Captioned web images:

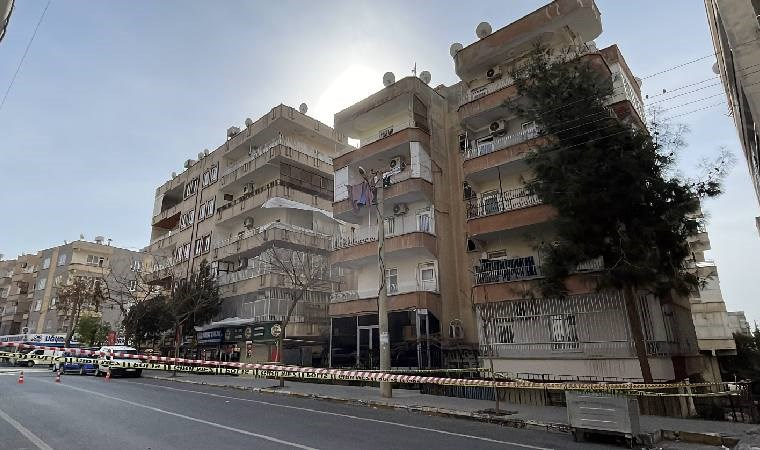 Şanlıurfa’da Panik Anları: Kolonlarından Sesler Gelen 5 Katlı Bina Boşaltıldı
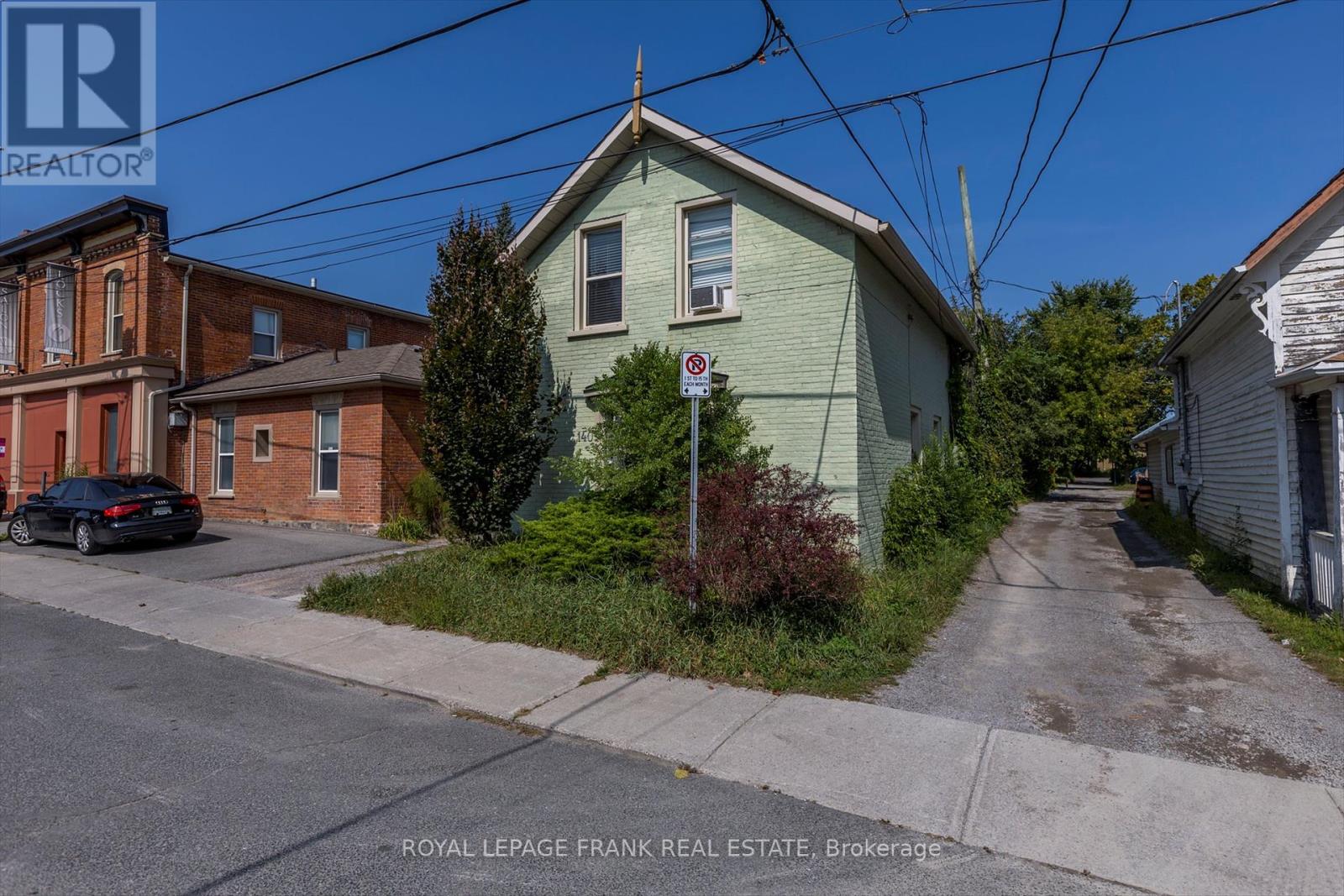 140 Antrim Street, Peterborough Central (North), Ontario  K9H 3G3 - Photo 3 - X12028635
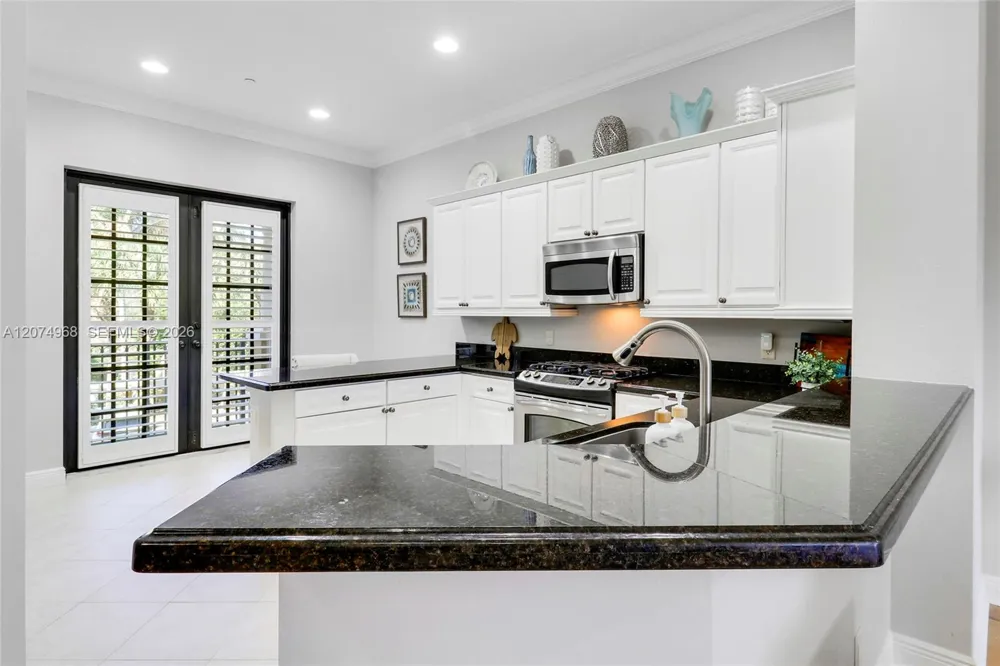 703 Del Sol Cir #703 Tequesta, FL 33469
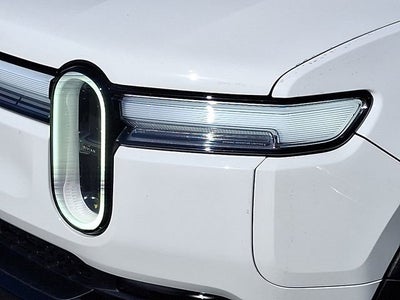 2025 RIVIAN R1S Adventure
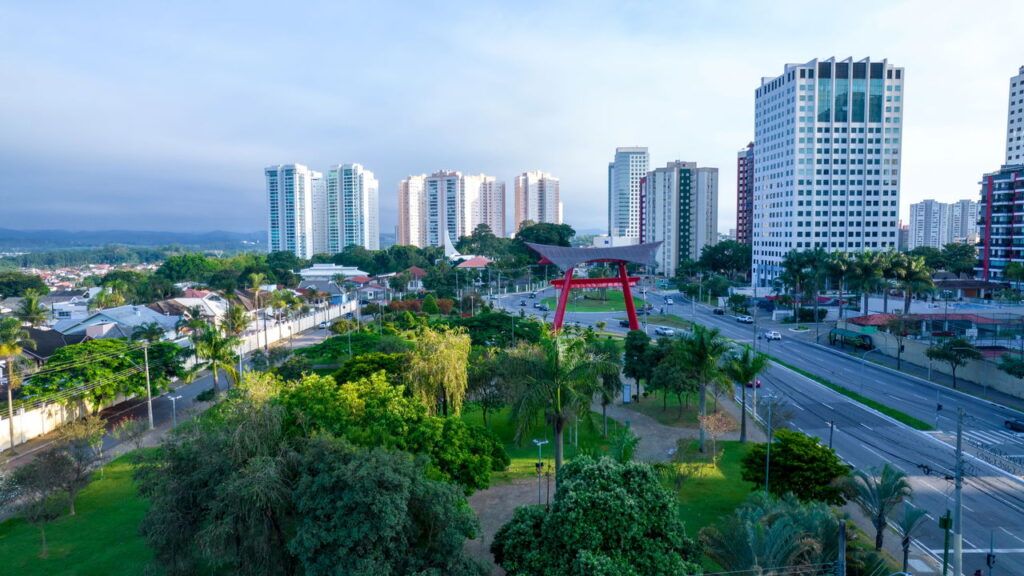 A 94 km da capital paulista, a Capital do Avião é a 1ª cidade do mundo certificada pela ISO 37125 e lidera o ranking de qualidade de vida do Brasil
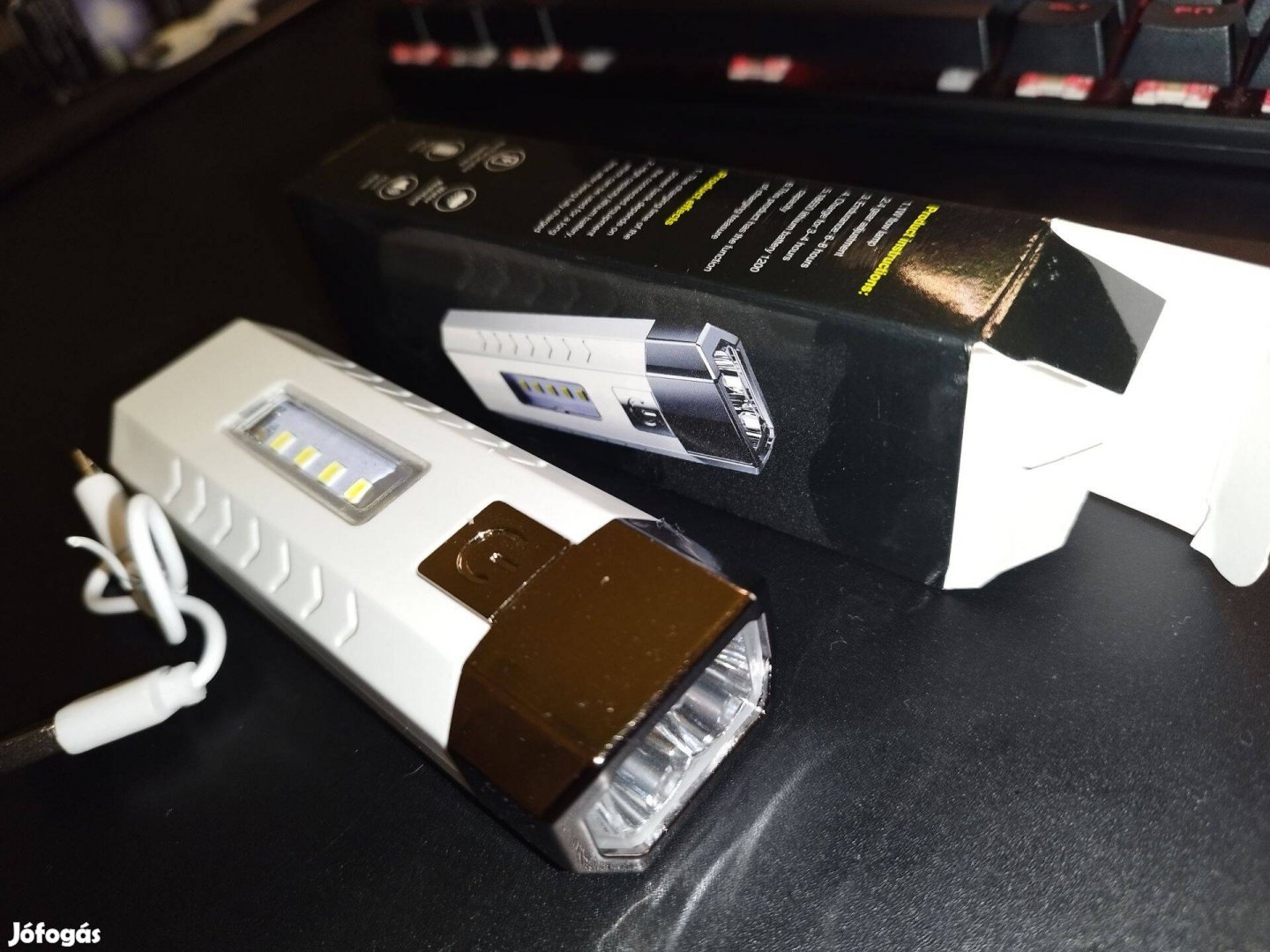 Új Akkumulátoros LED zseblámpa térvilágítással sátor-ba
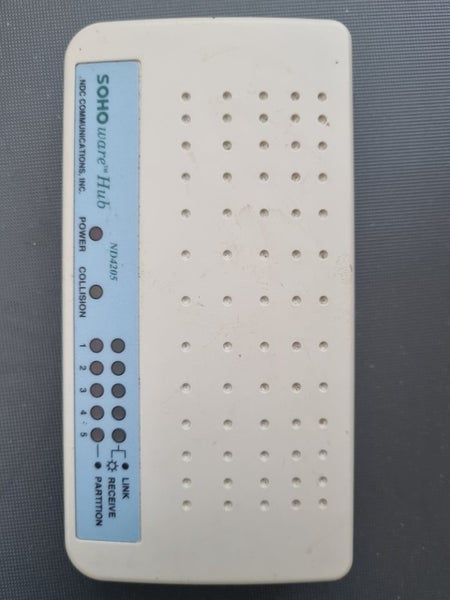 SOHOWARE 4-PORT Ethernet Hub MODEL: ND4205 Carousel 1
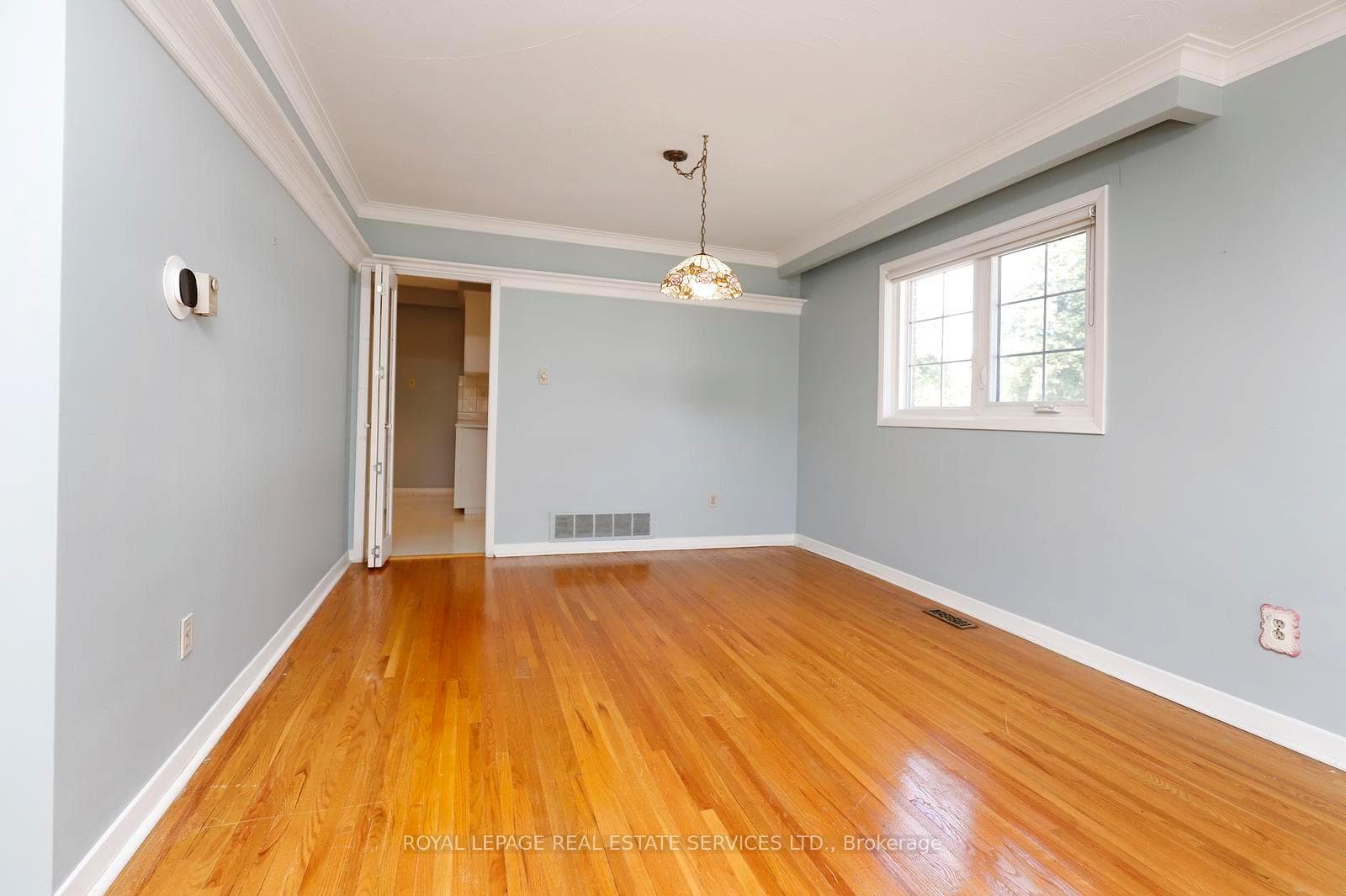 1492 Hillgrove Road photo 11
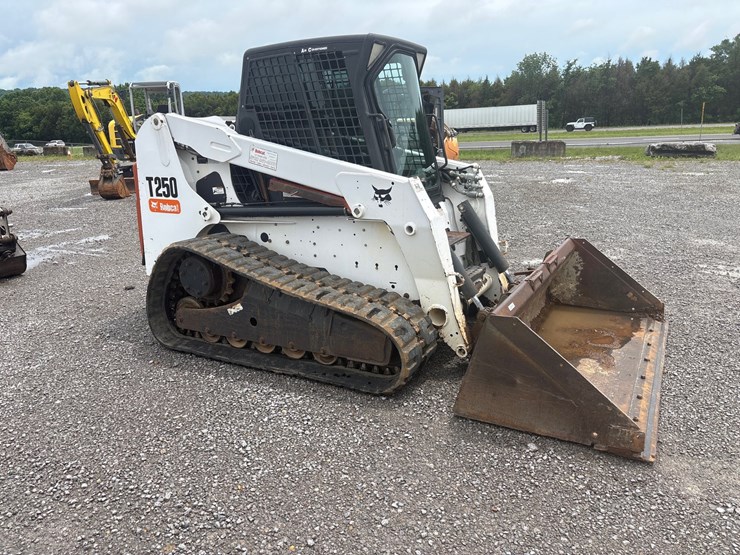 2009-bobcat-t250-image-2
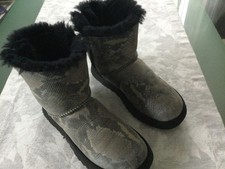 uggs australia    Lammfell Stiefel   Größe 36  Schlangenmuster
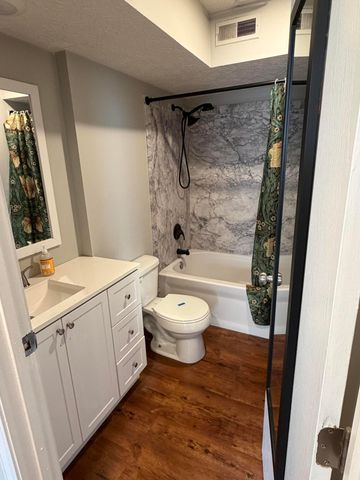 7891 Thornfield Lane, 48, Columbus, OH 43235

### What you are asked to do
Word for word, restate the lines above from the one with "2025 RIVIAN R1S Adventure" through the one with "2009-bobcat-t250-image-2", keeping both ends and dropping the pictures.

### Exercise solution
 2025 RIVIAN R1S Adventure
 A 94 km da capital paulista, a Capital do Avião é a 1ª cidade do mundo certificada pela ISO 37125 e lidera o ranking de qualidade de vida do Brasil
 Új Akkumulátoros LED zseblámpa térvilágítással sátor-ba
 SOHOWARE 4-PORT Ethernet Hub MODEL: ND4205 Carousel 1
 1492 Hillgrove Road photo 11
 2009-bobcat-t250-image-2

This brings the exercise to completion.